As a founding member of the Acacia String Quartet, Victoria was selected by Isaac Stern for a performance and workshop at Carnegie Hall, won The Bärenreiter Urtext Prize in the Young Concert Artists International Auditions, and won the Young Artists International Competition. She performed with the International Sejong Soloists, in the Mostly Mozart series at Lincoln Center, and at Taos Chamber Music Festival.
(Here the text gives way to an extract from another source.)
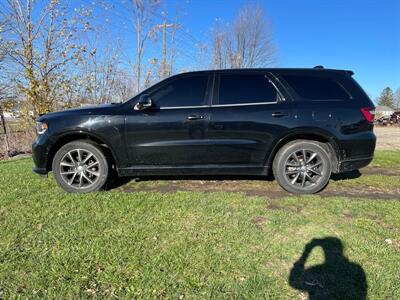 2018 Dodge Durango GT   - Photo 1 - Rushville, IN 46173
Deeply involved in the field of education, Victoria designed and taught an innovative "Recording Project" course at the Juilliard School, where she has also given numerous presentations on topics ranging from injury prevention to physics of sound. This work led to publication of her writings in the Journal of the American Viola Society. In addition to the Juilliard School, Victoria has served as a member of the viola faculty at Mannes College of Music, at The Perlman Music Program, and viola faculty and artist in residence at Temple University Esther Boyer College of Music and Dance.
Victoria was a recipient of the Edward J. Noble Educational Fellowship and was presented with Blanchette Rockefeller and Henry Alderman Trust Awards. She studied viola with Heidi Castleman, Cynthia Phelps, and Pinchas Zuckerman, and chamber music with members of the Juilliard and American String Quartets, Isidore Cohen, Felix Galimir, David Geber, and Isaac Stern. She holds a Master of Music degree from the Juilliard School.
Music on this Album
J.S. Bach: Sonata for Violin Solo No. 2, BWV 1003, transcribed for viola: Andante
Isaac Albéniz: Suite española for piano solo, Op.47, transcribed for viola: Asturias (Leyenda)
Ástor Piazzolla: Tango Etudes for solo flute, transcribed for viola: Tango Etude No. 4
J.S. Bach: Suite for Cello Solo No. 3 in C, BWV 1009, transcribed for viola: Prelude
Henri Vieuxtemps: Capriccio for Viola Solo, Op. post., No. 9
Claude Debussy: Syrinx for solo flute, transcribed for viola
J.S. Bach: Partita for Violin Solo No.1, BWV 1002, transcribed for viola: Sarabande
J.S. Bach: Suite for Cello Solo No. 1 in G, BWV 1007, transcribed for viola: Prelude
Claude Debussy: The Children's Corner, transcribed for viola: Le Petit Berger (in English The Little Shepherd. )
Ástor Piazzolla: Tango Etudes for solo flute, transcribed for viola: Tango Etude No. 3
J.S. Bach: Cello Suite No. 3 In C, BWV 1009, transcribed for viola: Sarabande
Heinrich Ignaz Franz Biber: The Mystery Sonatas, transcribed for viola: Passacaglia
Piazzolla's Tango Etudes 3 and 4, and Debussy's Syrinx and The Little Shepherd were transcribed for viola on this album by Victoria Voronyansky.